__TASK STATEMENT__. The lines to extract begin at the line that contains "GAOY 42 Pcs" and run through the last line of the listing; reproduce them exactly, minus any pictures.

__GIVEN RECORDS__.
· · ·
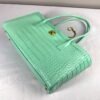 Chanel 26S Green Croc Print Shopping Tote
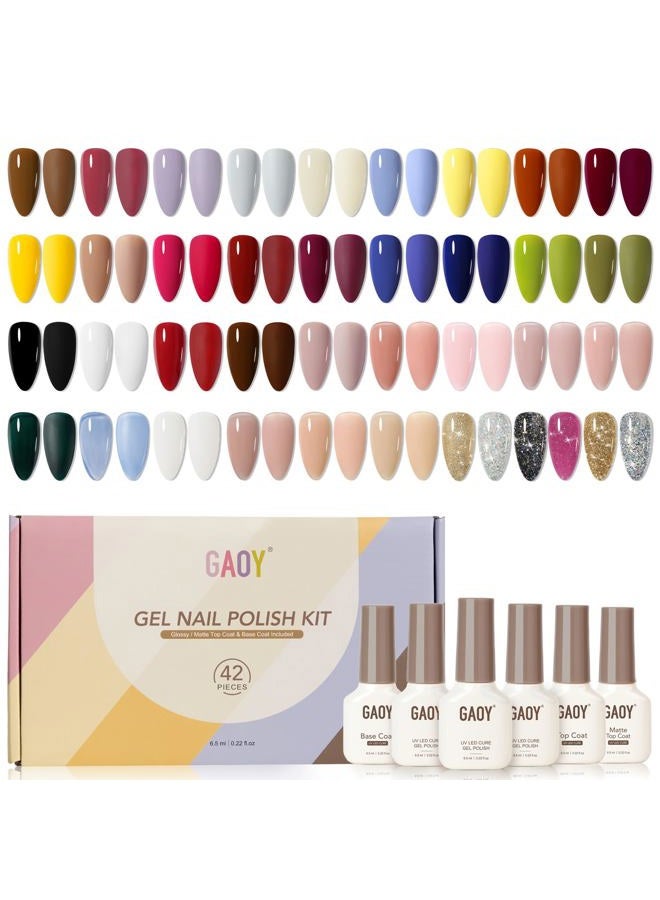 GAOY 42 Pcs Gel Nail Polish Kit, Black Brown Red Glitter Jelly Colors All Seasons Gel Nail Polish Set with Glossy & Matte Top Coat and Base Coat for Nail Art DIY at Home - Image 1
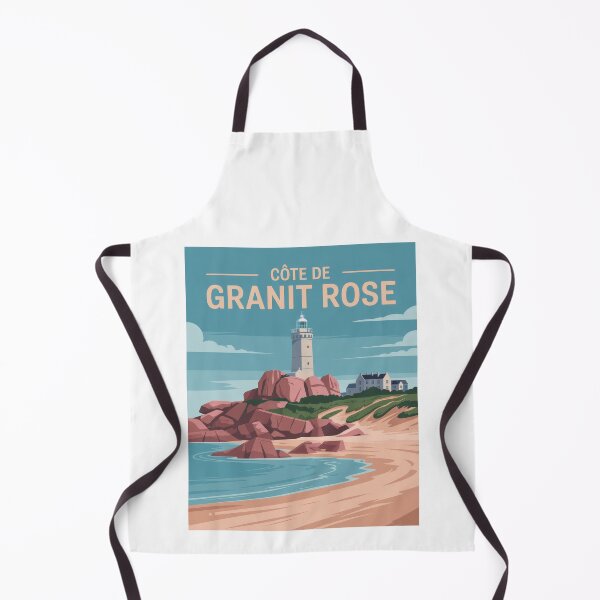 Artikelvorschau, Retro Vintage Côte de Granit Rose – Bretagne-Poster mit Leuchtturm & Rosa Küste entworfen und verkauft von pod24.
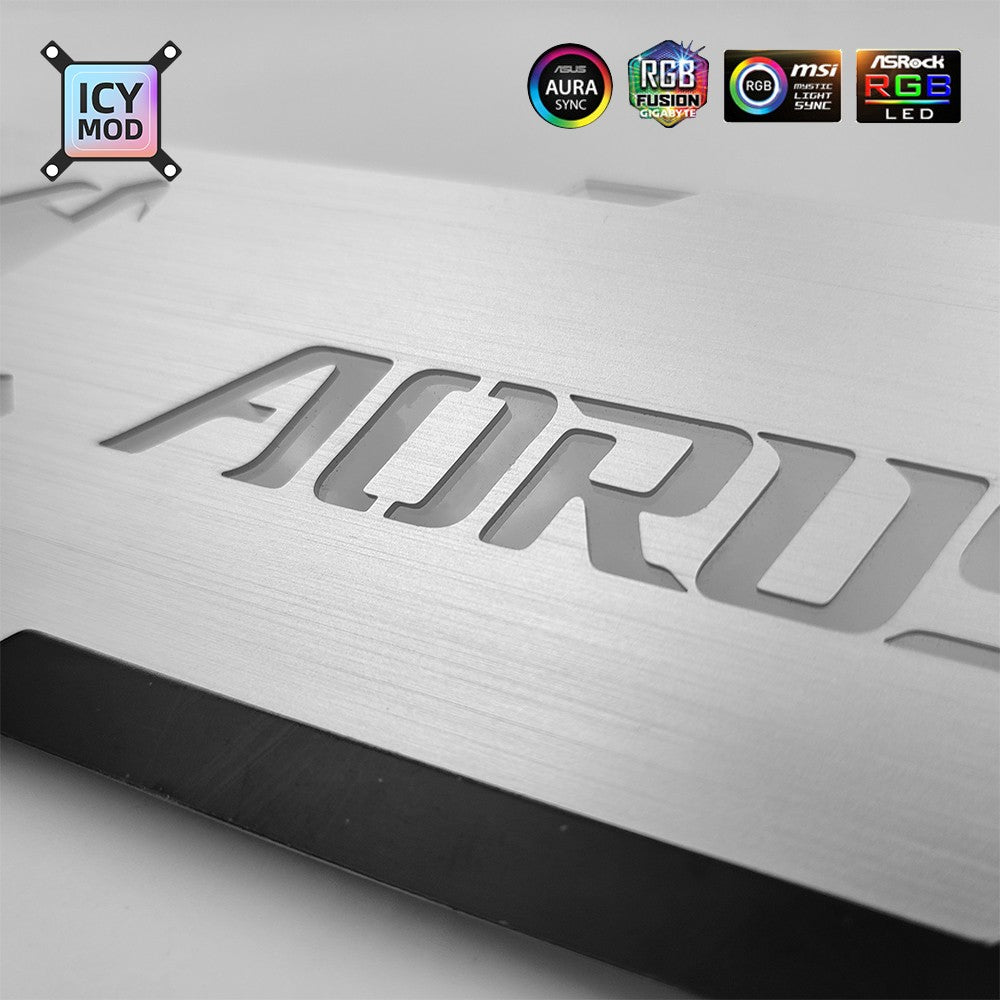 Suporte para GPU de Alumínio Aorus 5V3Pin VGA Holder RGB MSI ROG NVIDIA A-RGB Suporte Horizontal para Placa de Vídeo Metal AURA 12V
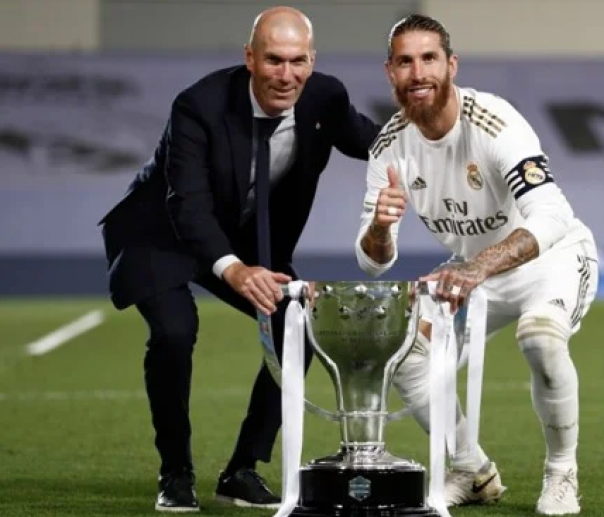 Real Madrid captain Sergio Ramos with Zinedine Zidane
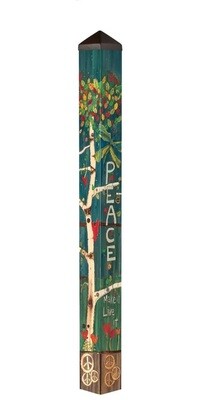 60-inch Peace Tree Art Pole by Stephanie Burgess featuring birch trees and red hearts.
· · ·
__THE COMPLETED TASK__.
 GAOY 42 Pcs Gel Nail Polish Kit, Black Brown Red Glitter Jelly Colors All Seasons Gel Nail Polish Set with Glossy & Matte Top Coat and Base Coat for Nail Art DIY at Home - Image 1
 Artikelvorschau, Retro Vintage Côte de Granit Rose – Bretagne-Poster mit Leuchtturm & Rosa Küste entworfen und verkauft von pod24.
 Suporte para GPU de Alumínio Aorus 5V3Pin VGA Holder RGB MSI ROG NVIDIA A-RGB Suporte Horizontal para Placa de Vídeo Metal AURA 12V
 Real Madrid captain Sergio Ramos with Zinedine Zidane
 60-inch Peace Tree Art Pole by Stephanie Burgess featuring birch trees and red hearts.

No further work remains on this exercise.